Task to complete:
Write out all entries word for word.

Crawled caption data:

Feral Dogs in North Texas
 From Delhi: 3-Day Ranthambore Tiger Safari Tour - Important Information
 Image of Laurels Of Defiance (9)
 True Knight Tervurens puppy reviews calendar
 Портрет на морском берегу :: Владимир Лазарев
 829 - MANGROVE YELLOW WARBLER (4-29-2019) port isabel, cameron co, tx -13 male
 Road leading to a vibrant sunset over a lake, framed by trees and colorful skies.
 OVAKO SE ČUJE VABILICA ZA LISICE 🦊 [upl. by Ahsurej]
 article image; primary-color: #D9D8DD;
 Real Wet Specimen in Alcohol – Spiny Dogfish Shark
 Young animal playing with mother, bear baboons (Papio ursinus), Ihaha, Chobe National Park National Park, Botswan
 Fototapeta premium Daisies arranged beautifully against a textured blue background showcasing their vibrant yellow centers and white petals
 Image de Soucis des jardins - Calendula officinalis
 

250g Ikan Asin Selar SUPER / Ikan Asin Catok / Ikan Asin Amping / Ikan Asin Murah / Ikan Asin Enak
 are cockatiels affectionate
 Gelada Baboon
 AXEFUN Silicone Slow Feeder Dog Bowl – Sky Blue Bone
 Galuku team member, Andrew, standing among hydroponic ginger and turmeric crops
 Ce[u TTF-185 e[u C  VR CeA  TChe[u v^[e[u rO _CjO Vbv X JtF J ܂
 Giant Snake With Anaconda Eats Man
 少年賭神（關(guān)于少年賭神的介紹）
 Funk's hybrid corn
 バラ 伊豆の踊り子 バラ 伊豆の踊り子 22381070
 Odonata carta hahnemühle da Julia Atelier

Solution to this task:
Feral Dogs in North Texas
 From Delhi: 3-Day Ranthambore Tiger Safari Tour - Important Information
 Image of Laurels Of Defiance (9)
 True Knight Tervurens puppy reviews calendar
 Портрет на морском берегу :: Владимир Лазарев
 829 - MANGROVE YELLOW WARBLER (4-29-2019) port isabel, cameron co, tx -13 male
 Road leading to a vibrant sunset over a lake, framed by trees and colorful skies.
 OVAKO SE ČUJE VABILICA ZA LISICE 🦊 [upl. by Ahsurej]
 article image; primary-color: #D9D8DD;
 Real Wet Specimen in Alcohol – Spiny Dogfish Shark
 Young animal playing with mother, bear baboons (Papio ursinus), Ihaha, Chobe National Park National Park, Botswan
 Fototapeta premium Daisies arranged beautifully against a textured blue background showcasing their vibrant yellow centers and white petals
 Image de Soucis des jardins - Calendula officinalis
 

250g Ikan Asin Selar SUPER / Ikan Asin Catok / Ikan Asin Amping / Ikan Asin Murah / Ikan Asin Enak
 are cockatiels affectionate
 Gelada Baboon
 AXEFUN Silicone Slow Feeder Dog Bowl – Sky Blue Bone
 Galuku team member, Andrew, standing among hydroponic ginger and turmeric crops
 Ce[u TTF-185 e[u C  VR CeA  TChe[u v^[e[u rO _CjO Vbv X JtF J ܂
 Giant Snake With Anaconda Eats Man
 少年賭神（關(guān)于少年賭神的介紹）
 Funk's hybrid corn
 バラ 伊豆の踊り子 バラ 伊豆の踊り子 22381070
 Odonata carta hahnemühle da Julia Atelier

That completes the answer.